What the task requires: Find the line with "Estrategia de Negociación Canal Dinámico" in the records below. Output exactly from there until after the line with "TechSource Systems Pte Ltd", without pictures.

Provided records:
# # #
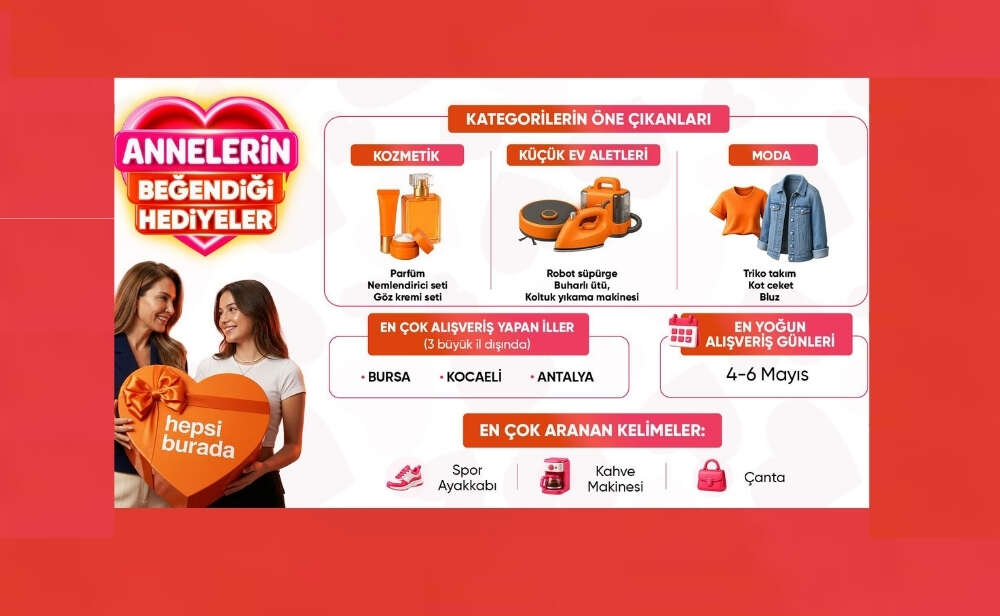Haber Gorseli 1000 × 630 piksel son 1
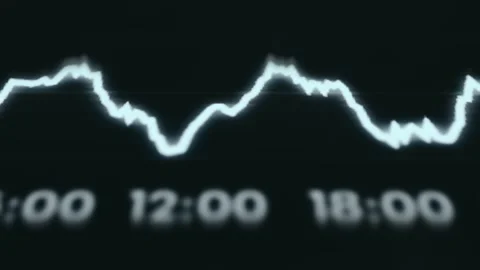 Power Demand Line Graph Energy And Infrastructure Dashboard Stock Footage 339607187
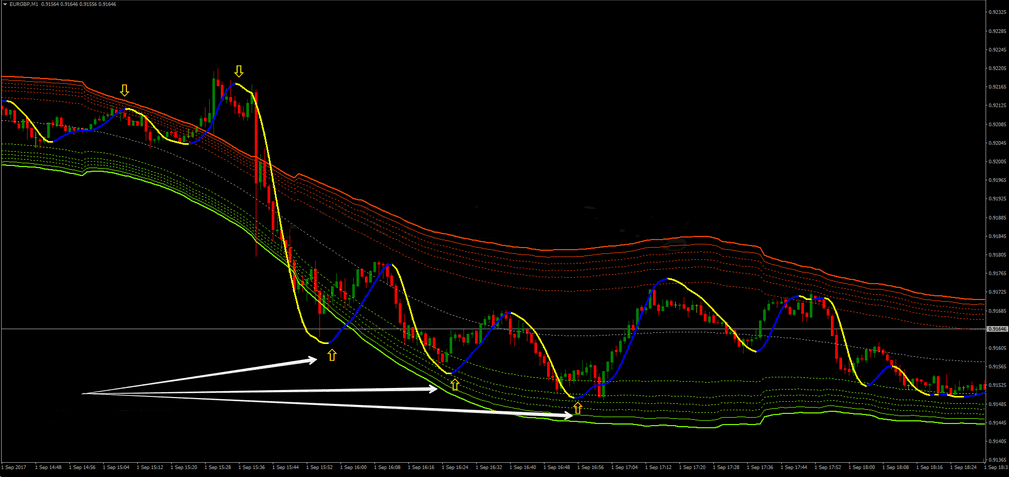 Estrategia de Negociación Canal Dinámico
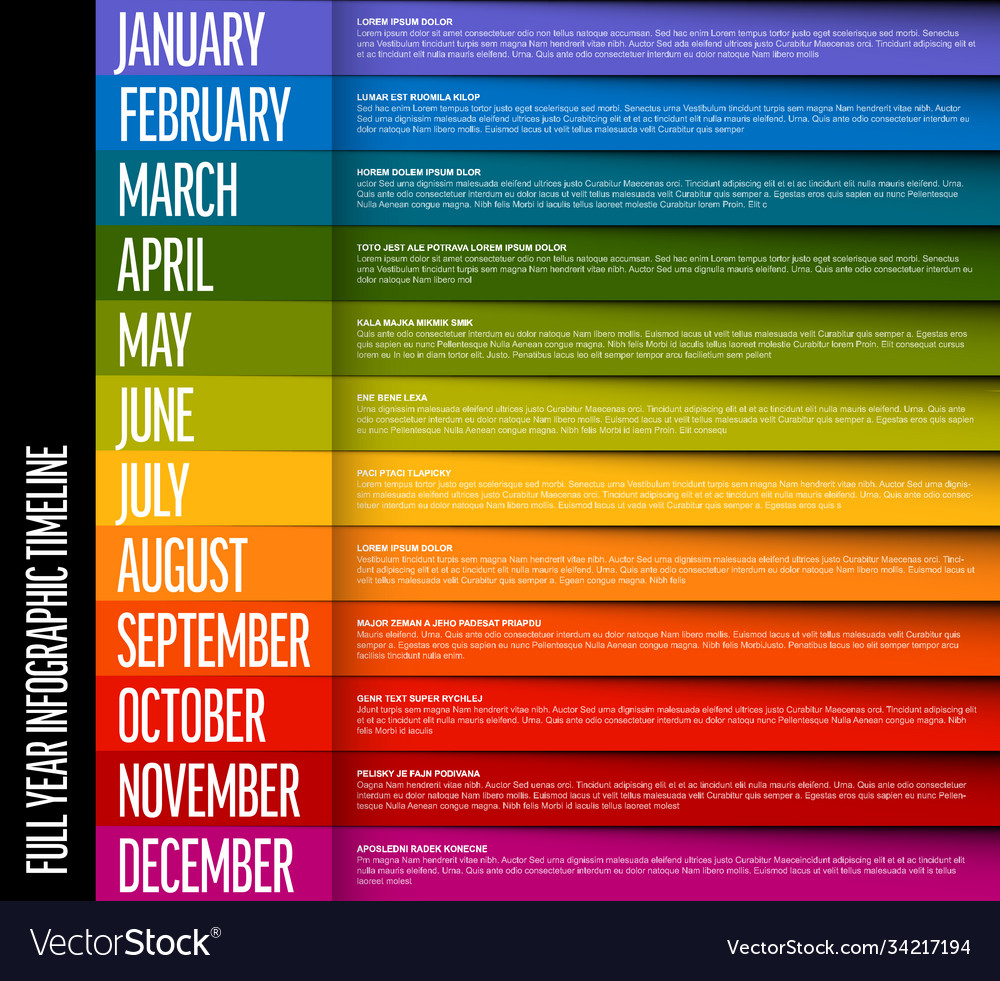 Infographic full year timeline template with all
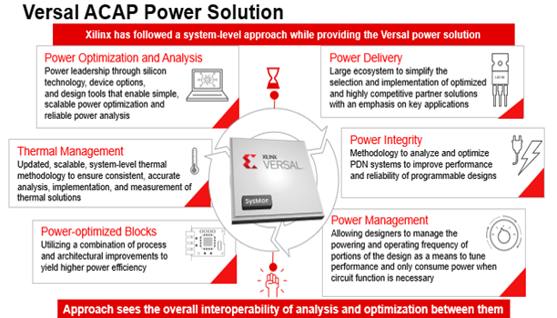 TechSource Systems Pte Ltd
# # #
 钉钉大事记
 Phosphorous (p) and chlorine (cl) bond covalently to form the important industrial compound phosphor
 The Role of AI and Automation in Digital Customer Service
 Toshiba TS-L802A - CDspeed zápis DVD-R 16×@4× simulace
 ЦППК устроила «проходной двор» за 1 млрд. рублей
# # #
Your solution:
 Estrategia de Negociación Canal Dinámico
 Infographic full year timeline template with all
 TechSource Systems Pte Ltd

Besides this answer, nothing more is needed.